__Task description__. For the entries below, copy exactly the line that contains "Surname Plava" through the line that contains "ରାଜ୍ୟରେ ଗତ ୨୪", both ends included, and exclude all pictures.

__Data shown__.

-- Opening Marker --

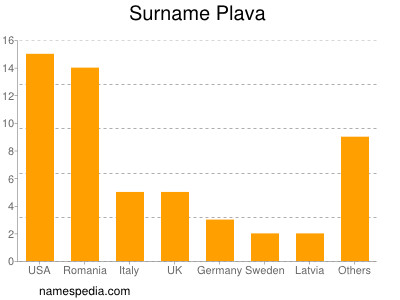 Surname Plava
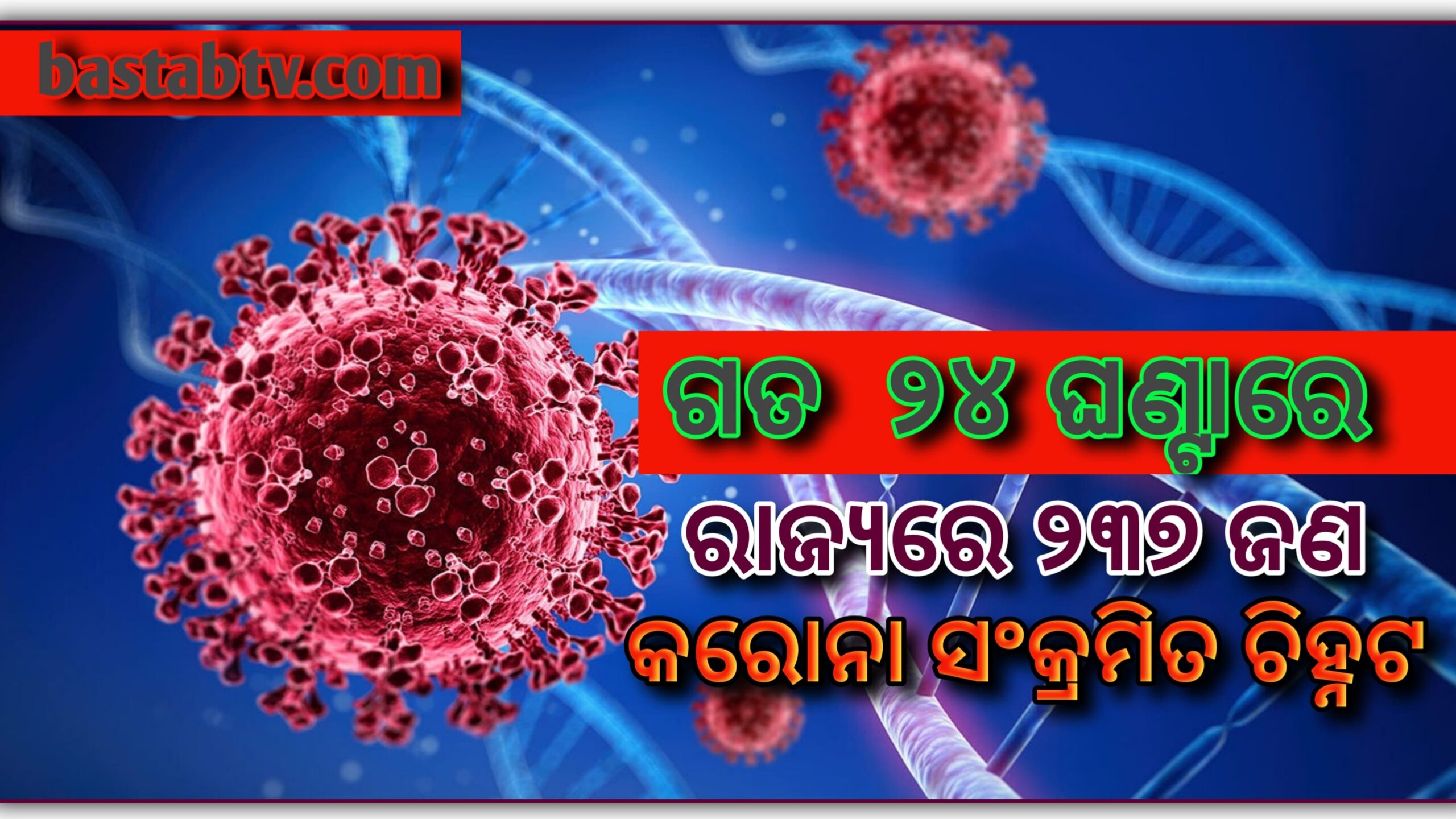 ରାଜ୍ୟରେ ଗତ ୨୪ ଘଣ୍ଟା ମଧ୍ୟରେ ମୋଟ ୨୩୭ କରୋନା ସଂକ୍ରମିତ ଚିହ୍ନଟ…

-- Closing Marker --
-- Opening Marker --

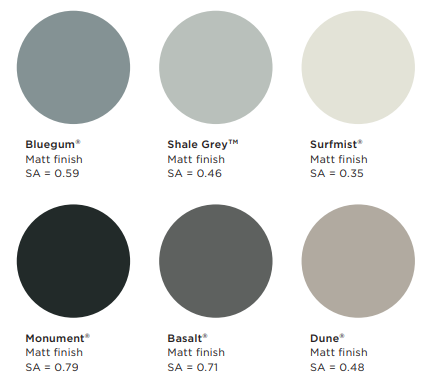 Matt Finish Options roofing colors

-- Closing Marker --

__Exercise solution__.
 Surname Plava
 ରାଜ୍ୟରେ ଗତ ୨୪ ଘଣ୍ଟା ମଧ୍ୟରେ ମୋଟ ୨୩୭ କରୋନା ସଂକ୍ରମିତ ଚିହ୍ନଟ…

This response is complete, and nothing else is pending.